Ezekiel Diet Note:  If you have an Amazon Prime Video account I recommend ‘Upload’, the new Amazon Original Prime Video Series. It’s a comedy in the style of Black Mirror.

I believe the clubs (that you ain’t in) are getting the masses ready through this type of predictive programming for a new industry and spiritual deception. Upload is about a virtual reality afterlife where your mind, memory and essence are uploaded to a hard drive (you become a fragile hard drive) where you wear an avatar (in your image) and you live in perpetual bliss in a virtual reality resort with your current mind and a few catches. There are a lot of glitches in the V.R. programming and everything extra costs money. Kind of like a cruise ship vacation. You have general access to food and luxury amenities; but up to half the expenses of the cruise happen in extras and onboard excursion sales. In V.R. heaven you have to fund your lifestyle from pre-death savings, or someone still living has to underwrite your bliss and pay all the incidental costs of your “extras”. When the money runs out, the bliss runs out until you end up frozen in a white room until more funding is available.

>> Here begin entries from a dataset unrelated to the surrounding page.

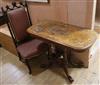 A Victorian marquetry inlaid walnut card table and a rosewood prie dieu chair Card table W.98cm                                        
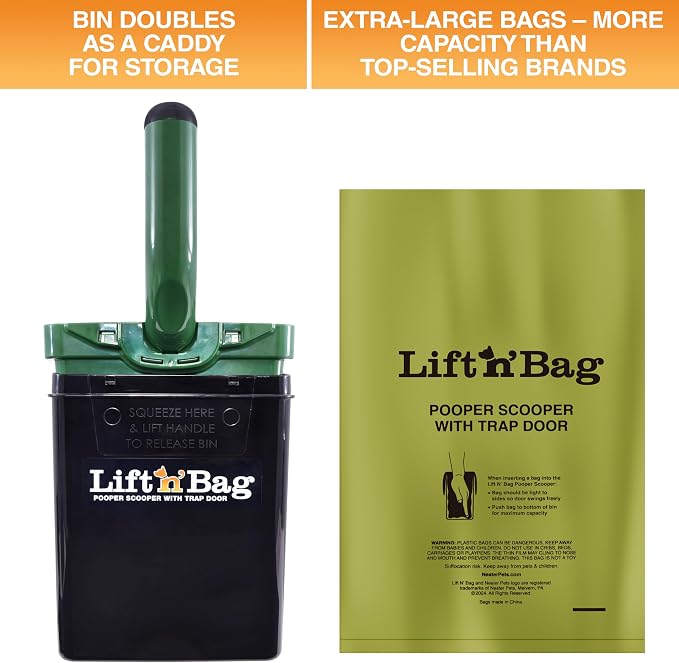 Neater Pet Brands Lift N’ Bag 2.0 Dog Pooper Scooper with Bag Attachment for Small to Large Dogs, New & Improved Design, 60 Refill Bags, Heavy Duty Dog Poop Scooper for Yard & Walks, One-Hand Use
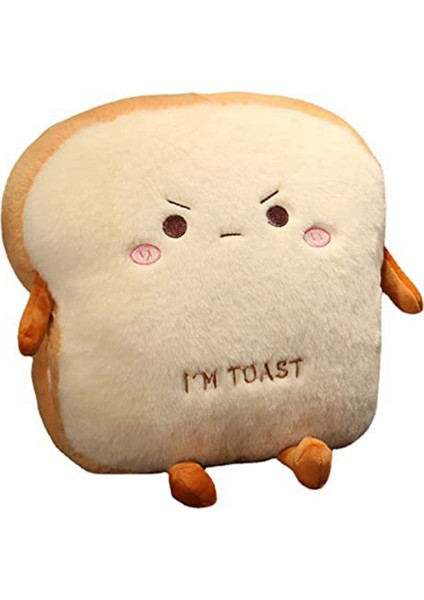 Tost Ekmeği Peluş Yastık, Komik Dilimlenmiş Ekmek Dolması Yastık, El Cebi ile Sevimli Ifade Gıda Peluş Şekerleme Yastığı A (Yurt Dışından)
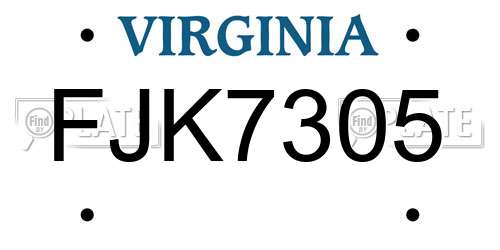 FJK7305 Virginia License Plate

We’re seeing more propaganda movies, programs and series about the “upload” concept for non-believers verses the promised heaven for believers in Jesus Christ and His finished work on the cross to make us part of the family. So the masses have an extra afterlife choice: 1) eternal life in heaven through Jesus Christ and be part of the family with inheritance,  or 2) temporary electronic upload to your own perpetual wonderland. As long as you or someone still alive can underwrite the cost perpetually. Choice number 2 also gets you one of these two: 3) die before the mark of the beast and receive soul death, or 4) take the mark of the beast and burn in the lake of fire for eternity; long after your hard drive selfie has crumbled to dust or burned up in the hard reset.

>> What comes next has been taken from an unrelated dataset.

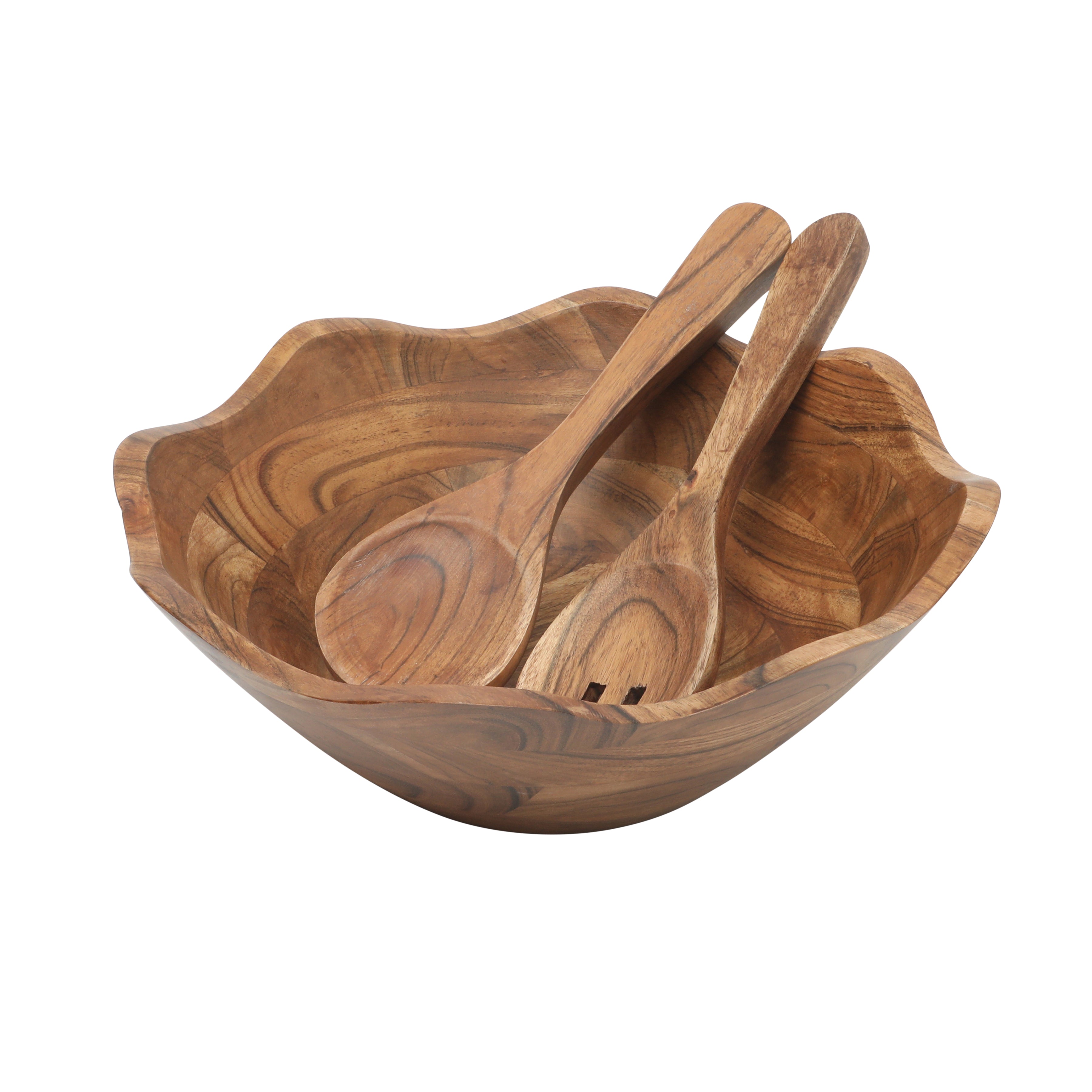 Gibson Home Sandhurst 3-Piece Acacia Wood Salad Bowl Set – 12-Inch Scalloped Serving Bowl with Wooden Salad Servers – Natural Rustic Finish for Dining, Entertaining, or Gifting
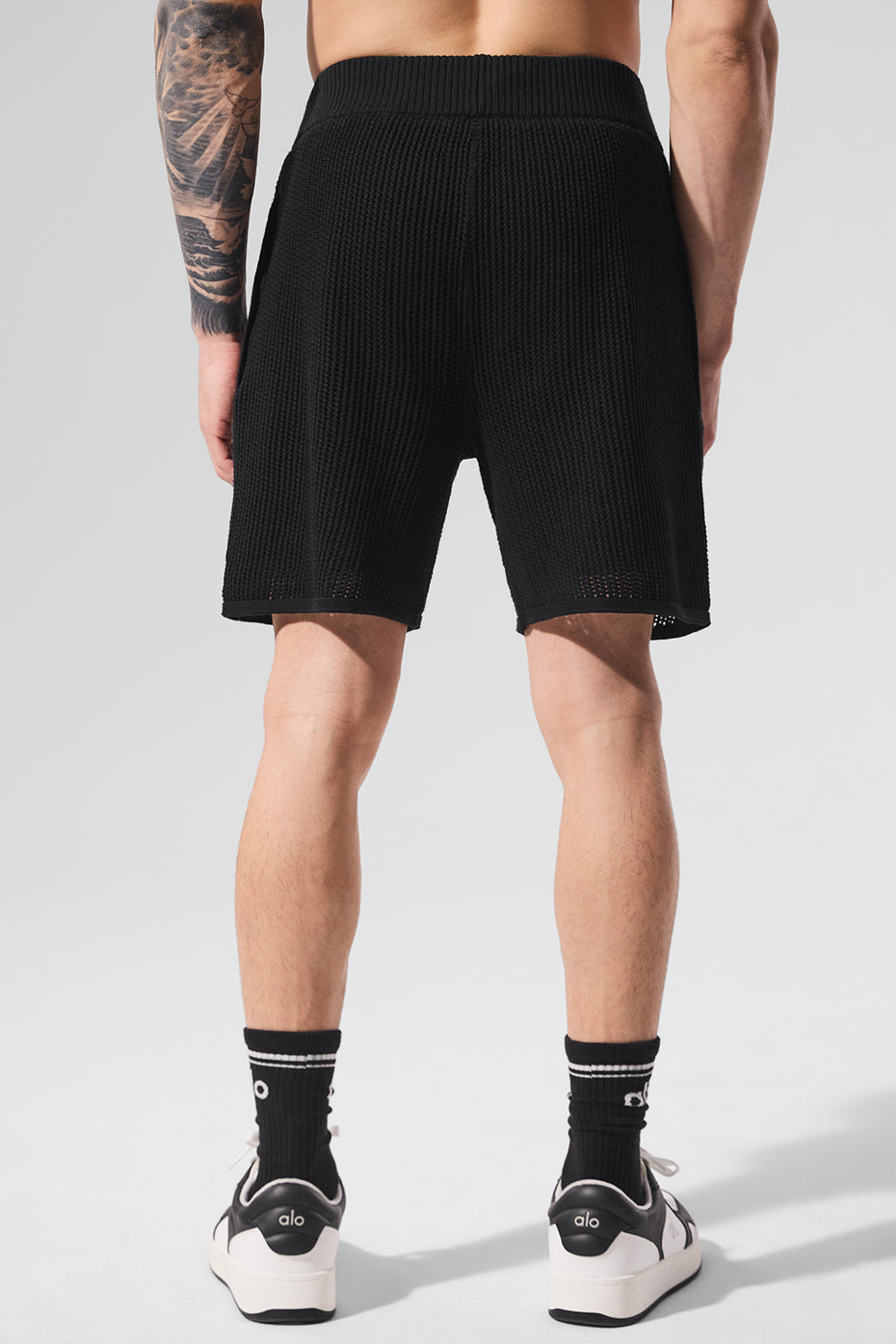 Short en maille ajourée - Noir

Is this just a new high-tech version of the old Catholic Church indulgence system of making payments for the dead? I think it went totally out of control once already. It was one of Martin Luther’s key issues in the Protestant reformation.

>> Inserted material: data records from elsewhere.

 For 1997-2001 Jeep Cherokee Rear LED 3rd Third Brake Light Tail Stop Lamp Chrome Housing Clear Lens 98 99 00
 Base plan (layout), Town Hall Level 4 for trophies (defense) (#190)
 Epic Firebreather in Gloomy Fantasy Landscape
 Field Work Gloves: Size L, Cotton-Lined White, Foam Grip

What happens when people become codependent on a virtual reality avatar of a dead loved one? You can have it as long as you can afford it. Maybe that’s why death is so final as designed. So people can detach and move on.

The main character, Nathan (Robbie Amell) considers himself a “Non-Denominational Charismatic Christian” by title, but he prefers a bowling alley to a V.R. chapel. So he admits he’s a fake Christian in label only, or he’s a member of a church somewhere, or his parents were Pentecostal so he must be Pentecostal. And in typical club controlled MSM style it minimizes the Christian faith to inconsequential.

I’ll have more comments later.

‘Upload’ Is the Latest Show Treating the Afterlife as Simulation

Observer, by

Greg Daniels’ new Amazon Prime Video series Upload turns the afterlife into a very familiar place. In the show, Nathan (Robbie Amell) is uploaded to a sort of Four Seasons deluxe V.R. estate after he suffers a fatal car crash. He can still call and chat with his living friends and family, but can never leave the “digital afterlife program” that serves as his version of heaven.

Upload presents a less than perfect take of the afterlife. Aside from being unable to go back to a physical body, Nathan’s seemingly perfect, high-end resort ends up playing more like a freemium game, complete with DLCs for food, clothing and loot boxes. It’s basically The Good Place by way of Parasite.

Though Upload is far from the first TV show to take place in the afterlife—that was The Good Place‘s bread and butter after all—the Greg Daniels comedy is also part of a recent wave of TV shows using computer simulations to give us a glimpse into heaven—and they usually end up about as scary and bad as you’d expect.